There is a growing consensus that transforming agro-food systems to increase their efficiency, inclusivity, resilience, and sustainability is a crucial step in achieving the 2030 Agenda for Sustainable Development. The first United Nations Food Systems Summit, held in September 2021, and the Food Systems Summit Review held at the end of July 2023 highlighted both strong political will and support for innovative solutions and strategies to transform agro-food systems. These include everything from combating food waste, to fostering climate-smart agriculture, and promoting low-cost, high impact interventions such as school meals programs.

From our perspective, part of the solution involved recognizing the rapid growth and role of small and medium-sized enterprises in national value chains in the Sahel and West Africa. Governments should invest in the growth and expansion of SMEs, and invest at the district and municipal levels to expand the presence of wholesale markets. At the national level, such investment will develop road infrastructure, information communication technology, and electrification. All of this will help ease market conditions and result in more supply at better prices for consumers.
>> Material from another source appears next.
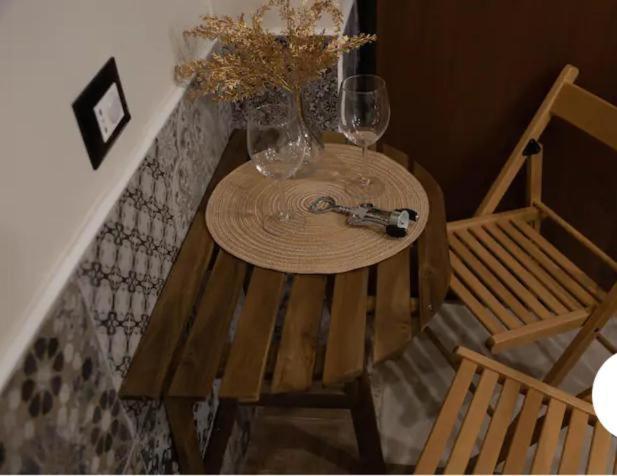 나폴리 Casina Via Foria B&B 외부 사진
Let’s also keep in mind that the region’s demographics also contribute to the current crisis. With over 60 percent of the region’s population under 25 years of age, it is essential to find suitable solutions to meet the particular needs of youth and women, including support for job creation. The RPCA network can play a key role in this by influencing national governments to adopt policies to ensure national value chains are inclusive and efficient and that programs focus on improving the livelihoods of women and youth.

The Food Crisis Prevention Network is playing a key role in this complex, current context and can do even more to address these challenges. We need to be bold. We need to be innovative. And we need to be creative if we want to inspire the changes we want to see.

In conclusion, I would like to congratulate and thank, on behalf of all technical and financial partners, the authorities of Cabo Verde for their constant commitment and investment in favor of food security.